Before you do a lot of work, you could also just poke around. If v=(x,y,z)=(1,1,0) then q(v,v)=1. If w=(0,1,1), q(w,w)=(-2).

 

[chrsr34]

hmm, well what I am not sure of most is the statement "q(x,y) > 0 for all x not equal to 0"
This was given for 2 variables, i have nothing for 3 variables. So in I am not even sure if we are only taking into consideration what x is or if there are 2 variables to take consideration of in 3D. This is the only definition of positive definite i have
I could do what Dick says by plug and play but I am still not sure if the same definition holds for 3D...

 

[Dick]

For two variables the statement is q(x,y)>0 for (x,y) not equal to (0,0).
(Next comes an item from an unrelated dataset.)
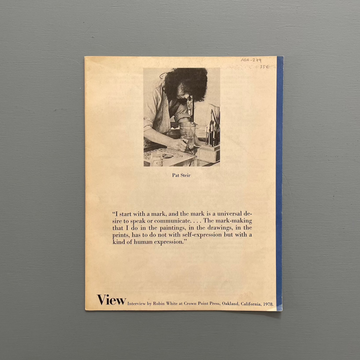 Pat Steir - View Vol. I No. 3 June 1978 - Saint-Martin Bookshop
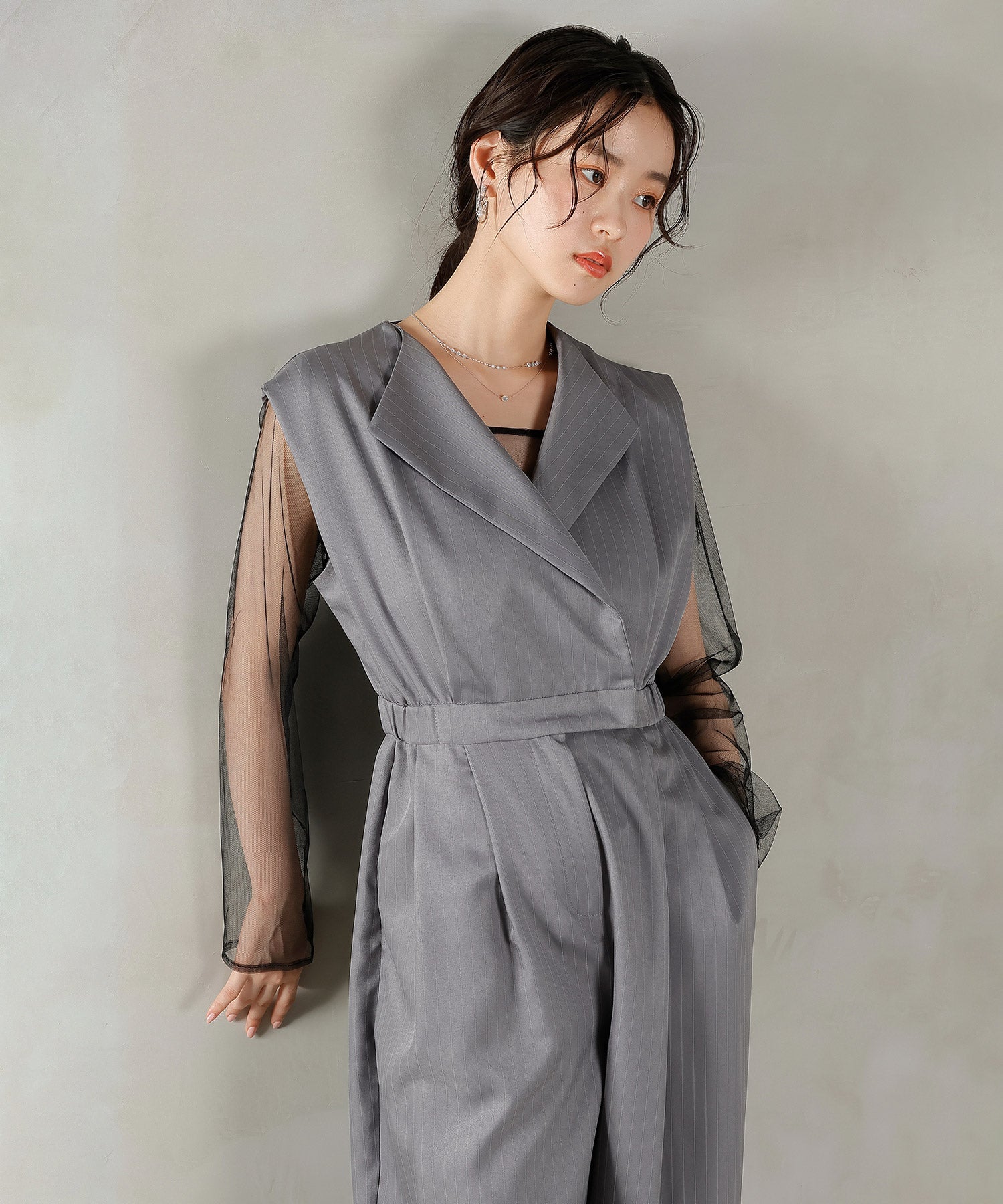 オールインワン パンツドレス シアートップス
For three variables the statement is q(x,y,z)>0 for (x,y,z) not equal to (0,0,0). I wrote it the way I did because I usually think of a quadratic form as a function of two vectors, like the dot product.

 

[D H]

To make Dick's suggestion blatantly obvious, setting x=1,y=1,z=0 yields q(x,y,z)=1 while setting x=0,y=1,z=1 yields q(x,y,z)=-2. What does that tell you regarding the question of the nature of the quadratic form?You can rewrite the expression q(x, y, z) = 2x² - 2xy + y² - 8yz – 2xz + 5z² as the matrix expression

$$q(\mathbf x) = \mathbf x\cdot(\mathbf Q \mathbf x) = \mathbf x^T\mathbf Q \mathbf x$$

where $\mathbf Q$ is a symmetric matrix and $\mathbf x$ is the column vector

$$\mathbf x = \bmatrix x\\y\\z\endbmatrix$$

The first form ($\mathbf x\cdot(\mathbf Q \mathbf x)$) is apparently how Dick likes to view these forms. I prefer the second form ($\mathbf x^T\mathbf Q \mathbf x$). It is just a matter of preference; the two expressions are equivalent.

 

[Dick]

I prefer the second form as well. I think of the dot product as $\mathbf x^T\mathbf I \mathbf x$.

 

[chrsr34]

Thank you guys. It appears to me that this quad is not pos or neg definite then. This is my 3rd option.
Thanks guys

Chris